Мужик уже отдал ребенка доктору и, слепо растопырив руки, поворачивается всем телом, ища ботиночек. Он не почувствовал и, наверное, даже не понял, что его ведут, почти несут, что-то приговаривая, баюкая, к машине. Кивком меня отправили на докторское место впереди. А сам доктор, приобняв мужчину за плечи, продолжал что-то шептать, говорить-говорить-говорить…
* * *
Спите «психи», спите, мои дорогие…Если вы дрыхнете на Станции, значит катастрофы в чьих-то мозгах не случилось…
В укромном закутке гаража в отставленом для ремонта РАФе кто-то уестествлял кого-то. Тихо, но энергично. Подкрались водители и санитары с отдыхающих машин. Операцией руководил Старший врач смены. Столько азарта, горящие глаза! Стратегия! Тактика! Гудериан отдыхает. Рокоссовский нервно курит. И-и-и?

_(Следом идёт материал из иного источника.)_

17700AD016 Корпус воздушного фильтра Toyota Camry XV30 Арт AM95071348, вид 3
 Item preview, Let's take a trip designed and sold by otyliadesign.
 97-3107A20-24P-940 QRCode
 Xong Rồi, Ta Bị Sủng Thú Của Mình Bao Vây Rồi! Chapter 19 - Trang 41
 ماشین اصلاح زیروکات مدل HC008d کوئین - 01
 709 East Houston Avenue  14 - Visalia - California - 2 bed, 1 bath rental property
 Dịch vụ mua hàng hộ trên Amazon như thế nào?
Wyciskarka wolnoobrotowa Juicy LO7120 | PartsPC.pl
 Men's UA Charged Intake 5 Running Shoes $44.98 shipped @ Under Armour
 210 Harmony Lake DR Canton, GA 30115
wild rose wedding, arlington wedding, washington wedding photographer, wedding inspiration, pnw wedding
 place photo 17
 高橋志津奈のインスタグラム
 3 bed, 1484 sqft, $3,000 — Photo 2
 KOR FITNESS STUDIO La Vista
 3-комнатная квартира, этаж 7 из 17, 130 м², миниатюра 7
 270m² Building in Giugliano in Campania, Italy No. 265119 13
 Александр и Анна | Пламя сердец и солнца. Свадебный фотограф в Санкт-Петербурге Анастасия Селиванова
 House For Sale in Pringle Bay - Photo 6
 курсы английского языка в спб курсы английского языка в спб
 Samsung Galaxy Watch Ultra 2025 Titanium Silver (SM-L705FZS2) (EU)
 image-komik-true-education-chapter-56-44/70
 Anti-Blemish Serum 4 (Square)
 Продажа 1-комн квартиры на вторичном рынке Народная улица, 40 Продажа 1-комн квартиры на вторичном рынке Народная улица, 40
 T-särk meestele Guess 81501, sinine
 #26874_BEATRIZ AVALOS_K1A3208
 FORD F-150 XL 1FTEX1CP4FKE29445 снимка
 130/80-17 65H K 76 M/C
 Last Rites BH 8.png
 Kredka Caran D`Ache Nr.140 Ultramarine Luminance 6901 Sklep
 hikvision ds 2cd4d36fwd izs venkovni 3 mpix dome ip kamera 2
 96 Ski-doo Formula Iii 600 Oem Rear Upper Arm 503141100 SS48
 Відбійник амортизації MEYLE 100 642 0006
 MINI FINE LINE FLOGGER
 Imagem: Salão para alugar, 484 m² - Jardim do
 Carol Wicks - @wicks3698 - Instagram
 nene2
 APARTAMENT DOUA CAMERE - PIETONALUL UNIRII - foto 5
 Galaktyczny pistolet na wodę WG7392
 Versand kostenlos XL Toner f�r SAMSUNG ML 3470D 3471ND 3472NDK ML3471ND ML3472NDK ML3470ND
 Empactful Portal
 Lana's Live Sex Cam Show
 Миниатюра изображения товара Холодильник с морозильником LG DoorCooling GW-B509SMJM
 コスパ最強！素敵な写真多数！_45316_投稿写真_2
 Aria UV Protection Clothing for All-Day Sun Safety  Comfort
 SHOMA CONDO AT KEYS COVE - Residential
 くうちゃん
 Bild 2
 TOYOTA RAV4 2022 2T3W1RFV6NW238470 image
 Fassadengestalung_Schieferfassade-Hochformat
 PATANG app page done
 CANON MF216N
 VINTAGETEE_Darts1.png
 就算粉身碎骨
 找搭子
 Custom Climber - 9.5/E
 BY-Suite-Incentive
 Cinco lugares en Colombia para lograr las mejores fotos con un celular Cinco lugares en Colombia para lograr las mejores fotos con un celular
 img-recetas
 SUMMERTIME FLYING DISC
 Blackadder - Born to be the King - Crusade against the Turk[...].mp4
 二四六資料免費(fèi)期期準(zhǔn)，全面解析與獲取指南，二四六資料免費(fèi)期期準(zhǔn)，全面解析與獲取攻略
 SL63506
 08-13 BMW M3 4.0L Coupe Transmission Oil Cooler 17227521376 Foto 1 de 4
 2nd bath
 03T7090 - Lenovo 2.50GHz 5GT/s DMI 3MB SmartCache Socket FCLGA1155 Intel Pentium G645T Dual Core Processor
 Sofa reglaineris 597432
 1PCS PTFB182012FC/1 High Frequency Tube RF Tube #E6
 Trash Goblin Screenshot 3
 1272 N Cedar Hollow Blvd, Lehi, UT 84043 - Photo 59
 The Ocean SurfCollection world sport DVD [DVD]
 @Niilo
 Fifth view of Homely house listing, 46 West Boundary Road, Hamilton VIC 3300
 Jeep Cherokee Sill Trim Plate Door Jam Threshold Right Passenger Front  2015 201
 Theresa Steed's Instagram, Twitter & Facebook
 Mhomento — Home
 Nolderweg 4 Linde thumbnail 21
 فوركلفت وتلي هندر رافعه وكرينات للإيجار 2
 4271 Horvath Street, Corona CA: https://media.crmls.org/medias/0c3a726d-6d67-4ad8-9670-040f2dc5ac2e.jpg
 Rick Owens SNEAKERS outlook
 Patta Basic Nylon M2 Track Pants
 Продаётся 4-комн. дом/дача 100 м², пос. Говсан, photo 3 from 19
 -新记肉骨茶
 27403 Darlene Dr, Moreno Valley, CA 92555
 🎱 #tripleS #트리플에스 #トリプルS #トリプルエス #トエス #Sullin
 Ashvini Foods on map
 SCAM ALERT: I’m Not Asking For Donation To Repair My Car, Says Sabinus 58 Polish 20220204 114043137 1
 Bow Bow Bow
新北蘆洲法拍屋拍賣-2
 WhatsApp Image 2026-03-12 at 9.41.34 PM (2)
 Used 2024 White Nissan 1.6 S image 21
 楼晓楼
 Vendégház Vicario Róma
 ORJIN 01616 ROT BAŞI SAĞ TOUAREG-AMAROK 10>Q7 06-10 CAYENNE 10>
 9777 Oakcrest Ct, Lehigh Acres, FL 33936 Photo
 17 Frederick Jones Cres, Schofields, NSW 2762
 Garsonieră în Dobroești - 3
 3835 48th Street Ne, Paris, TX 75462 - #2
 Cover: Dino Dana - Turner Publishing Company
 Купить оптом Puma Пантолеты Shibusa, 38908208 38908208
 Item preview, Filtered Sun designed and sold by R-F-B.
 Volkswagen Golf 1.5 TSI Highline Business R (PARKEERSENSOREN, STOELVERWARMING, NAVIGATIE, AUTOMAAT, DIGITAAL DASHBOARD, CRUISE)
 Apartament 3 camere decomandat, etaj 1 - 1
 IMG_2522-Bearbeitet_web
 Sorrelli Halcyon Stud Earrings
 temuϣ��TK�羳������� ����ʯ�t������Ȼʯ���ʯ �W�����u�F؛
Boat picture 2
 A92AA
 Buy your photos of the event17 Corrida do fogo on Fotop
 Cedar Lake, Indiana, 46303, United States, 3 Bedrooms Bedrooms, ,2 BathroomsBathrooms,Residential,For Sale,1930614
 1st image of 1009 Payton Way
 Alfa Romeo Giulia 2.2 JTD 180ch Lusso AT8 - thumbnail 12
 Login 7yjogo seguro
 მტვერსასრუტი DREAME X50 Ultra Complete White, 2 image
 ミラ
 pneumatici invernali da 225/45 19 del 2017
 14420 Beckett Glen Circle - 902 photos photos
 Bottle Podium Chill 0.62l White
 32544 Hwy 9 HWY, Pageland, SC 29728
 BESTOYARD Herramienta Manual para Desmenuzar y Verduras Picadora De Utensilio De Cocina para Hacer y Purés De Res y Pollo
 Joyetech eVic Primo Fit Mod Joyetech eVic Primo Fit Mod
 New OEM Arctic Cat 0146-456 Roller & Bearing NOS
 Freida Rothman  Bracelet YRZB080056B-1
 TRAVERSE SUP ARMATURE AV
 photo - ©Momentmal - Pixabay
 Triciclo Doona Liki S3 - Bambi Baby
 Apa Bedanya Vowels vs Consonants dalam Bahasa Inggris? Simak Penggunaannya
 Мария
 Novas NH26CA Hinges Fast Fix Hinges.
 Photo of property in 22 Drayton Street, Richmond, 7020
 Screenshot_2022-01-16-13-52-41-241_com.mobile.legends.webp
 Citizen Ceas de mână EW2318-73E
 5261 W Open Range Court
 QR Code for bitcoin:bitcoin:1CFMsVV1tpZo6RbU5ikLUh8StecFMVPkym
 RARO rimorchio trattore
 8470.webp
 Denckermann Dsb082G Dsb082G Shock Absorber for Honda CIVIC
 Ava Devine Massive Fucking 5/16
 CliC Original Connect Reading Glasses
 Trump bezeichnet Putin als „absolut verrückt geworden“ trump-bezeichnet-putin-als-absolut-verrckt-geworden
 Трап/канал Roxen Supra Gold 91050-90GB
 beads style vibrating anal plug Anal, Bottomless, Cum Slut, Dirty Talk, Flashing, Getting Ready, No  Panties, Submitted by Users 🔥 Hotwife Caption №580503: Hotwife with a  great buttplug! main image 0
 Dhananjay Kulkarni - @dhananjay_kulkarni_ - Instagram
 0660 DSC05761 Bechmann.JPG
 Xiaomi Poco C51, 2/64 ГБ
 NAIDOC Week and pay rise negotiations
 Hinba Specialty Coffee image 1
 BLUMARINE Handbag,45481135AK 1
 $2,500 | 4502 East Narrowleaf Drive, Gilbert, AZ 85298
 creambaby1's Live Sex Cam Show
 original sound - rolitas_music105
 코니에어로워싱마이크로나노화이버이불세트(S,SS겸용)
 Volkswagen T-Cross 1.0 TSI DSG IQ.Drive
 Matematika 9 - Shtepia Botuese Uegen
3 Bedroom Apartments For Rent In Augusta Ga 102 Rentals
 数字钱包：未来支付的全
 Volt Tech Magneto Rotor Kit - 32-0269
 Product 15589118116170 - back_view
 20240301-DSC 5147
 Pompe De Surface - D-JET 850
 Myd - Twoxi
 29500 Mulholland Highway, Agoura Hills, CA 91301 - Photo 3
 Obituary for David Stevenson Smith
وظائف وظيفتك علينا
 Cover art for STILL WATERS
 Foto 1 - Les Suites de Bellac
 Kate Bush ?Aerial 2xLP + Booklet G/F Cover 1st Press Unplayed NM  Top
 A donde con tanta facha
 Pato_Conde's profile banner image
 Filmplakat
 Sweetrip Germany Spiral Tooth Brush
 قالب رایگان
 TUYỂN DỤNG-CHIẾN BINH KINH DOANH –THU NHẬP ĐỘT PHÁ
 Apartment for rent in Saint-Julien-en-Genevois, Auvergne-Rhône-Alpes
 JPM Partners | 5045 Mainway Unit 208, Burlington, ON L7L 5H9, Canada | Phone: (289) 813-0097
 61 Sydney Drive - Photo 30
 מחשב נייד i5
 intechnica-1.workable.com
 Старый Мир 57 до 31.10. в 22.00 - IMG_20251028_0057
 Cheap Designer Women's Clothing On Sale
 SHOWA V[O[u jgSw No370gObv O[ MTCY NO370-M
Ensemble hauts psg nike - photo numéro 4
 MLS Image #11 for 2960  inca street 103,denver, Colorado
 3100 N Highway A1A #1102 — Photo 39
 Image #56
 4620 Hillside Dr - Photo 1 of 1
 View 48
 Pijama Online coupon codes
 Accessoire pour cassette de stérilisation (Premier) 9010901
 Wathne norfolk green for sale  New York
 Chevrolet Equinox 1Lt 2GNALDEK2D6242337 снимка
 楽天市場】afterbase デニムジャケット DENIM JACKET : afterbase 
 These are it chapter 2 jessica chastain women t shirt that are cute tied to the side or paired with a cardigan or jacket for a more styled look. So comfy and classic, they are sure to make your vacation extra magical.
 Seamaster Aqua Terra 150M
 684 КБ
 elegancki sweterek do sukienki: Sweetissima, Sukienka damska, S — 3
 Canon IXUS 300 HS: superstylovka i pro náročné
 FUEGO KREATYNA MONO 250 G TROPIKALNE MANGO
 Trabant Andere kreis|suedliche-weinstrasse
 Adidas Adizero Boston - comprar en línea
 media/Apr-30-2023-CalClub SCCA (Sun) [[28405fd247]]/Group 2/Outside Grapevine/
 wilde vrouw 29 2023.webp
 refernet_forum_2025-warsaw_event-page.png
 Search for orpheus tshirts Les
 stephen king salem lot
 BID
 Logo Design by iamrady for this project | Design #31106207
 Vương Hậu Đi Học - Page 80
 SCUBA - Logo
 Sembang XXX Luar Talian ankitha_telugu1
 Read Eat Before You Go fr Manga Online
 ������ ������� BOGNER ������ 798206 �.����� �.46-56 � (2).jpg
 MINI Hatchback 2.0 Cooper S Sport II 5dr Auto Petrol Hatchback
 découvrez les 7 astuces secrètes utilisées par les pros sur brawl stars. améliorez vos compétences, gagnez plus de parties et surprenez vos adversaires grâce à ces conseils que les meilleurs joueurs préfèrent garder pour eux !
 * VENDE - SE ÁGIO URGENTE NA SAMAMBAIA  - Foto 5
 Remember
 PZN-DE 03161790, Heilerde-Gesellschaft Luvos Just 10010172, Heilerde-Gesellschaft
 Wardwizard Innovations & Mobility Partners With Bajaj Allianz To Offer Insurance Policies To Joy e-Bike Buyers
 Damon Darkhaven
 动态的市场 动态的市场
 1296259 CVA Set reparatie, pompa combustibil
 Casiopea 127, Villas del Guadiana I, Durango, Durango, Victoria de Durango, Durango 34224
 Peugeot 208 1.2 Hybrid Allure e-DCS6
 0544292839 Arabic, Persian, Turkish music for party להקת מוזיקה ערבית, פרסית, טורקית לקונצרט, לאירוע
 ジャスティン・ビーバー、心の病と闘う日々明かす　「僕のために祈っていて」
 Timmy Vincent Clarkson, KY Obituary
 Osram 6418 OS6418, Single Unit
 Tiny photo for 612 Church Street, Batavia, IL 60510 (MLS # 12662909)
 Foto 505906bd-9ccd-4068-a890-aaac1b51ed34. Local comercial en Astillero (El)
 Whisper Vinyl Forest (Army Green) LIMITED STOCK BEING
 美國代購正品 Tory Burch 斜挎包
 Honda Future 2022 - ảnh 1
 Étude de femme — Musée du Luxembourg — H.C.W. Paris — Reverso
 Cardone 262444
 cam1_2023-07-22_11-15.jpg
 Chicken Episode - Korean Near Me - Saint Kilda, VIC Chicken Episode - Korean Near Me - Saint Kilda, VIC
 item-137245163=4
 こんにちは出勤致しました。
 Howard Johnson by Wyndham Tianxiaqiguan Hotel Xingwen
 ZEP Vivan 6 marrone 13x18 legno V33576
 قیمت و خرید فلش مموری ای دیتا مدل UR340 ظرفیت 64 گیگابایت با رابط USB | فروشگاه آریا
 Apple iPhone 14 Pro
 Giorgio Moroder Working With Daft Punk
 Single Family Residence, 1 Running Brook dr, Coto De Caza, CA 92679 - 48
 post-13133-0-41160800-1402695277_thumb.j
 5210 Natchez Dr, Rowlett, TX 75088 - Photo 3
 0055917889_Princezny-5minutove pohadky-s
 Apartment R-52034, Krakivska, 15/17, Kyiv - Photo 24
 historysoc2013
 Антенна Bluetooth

Что «и-и-и»? Скорострельности «бляхомета» (генератора матов) перепуганного застуканного джентельмена позавидует швейная машинка. Мгновенное одевание. Ну и что, что халат в штаны заправил?! Зато уложился в армейский норматив. Ржали все, даже, по-моему, РАФы. За доставленное удовольствие отменили наказание.
На последнем выезде на смене я был представлен императору всех планет, главнокомандующему астральных сил, аватару Бога на Земле, его высокопреосвященству Петру Петровичу Загоруйко. Горжусь. Руку, пожатую им, не буду мыть неделю. Или две. Чтобы запечатлеть, тасссазать, навечно. Автограф храню у сердца.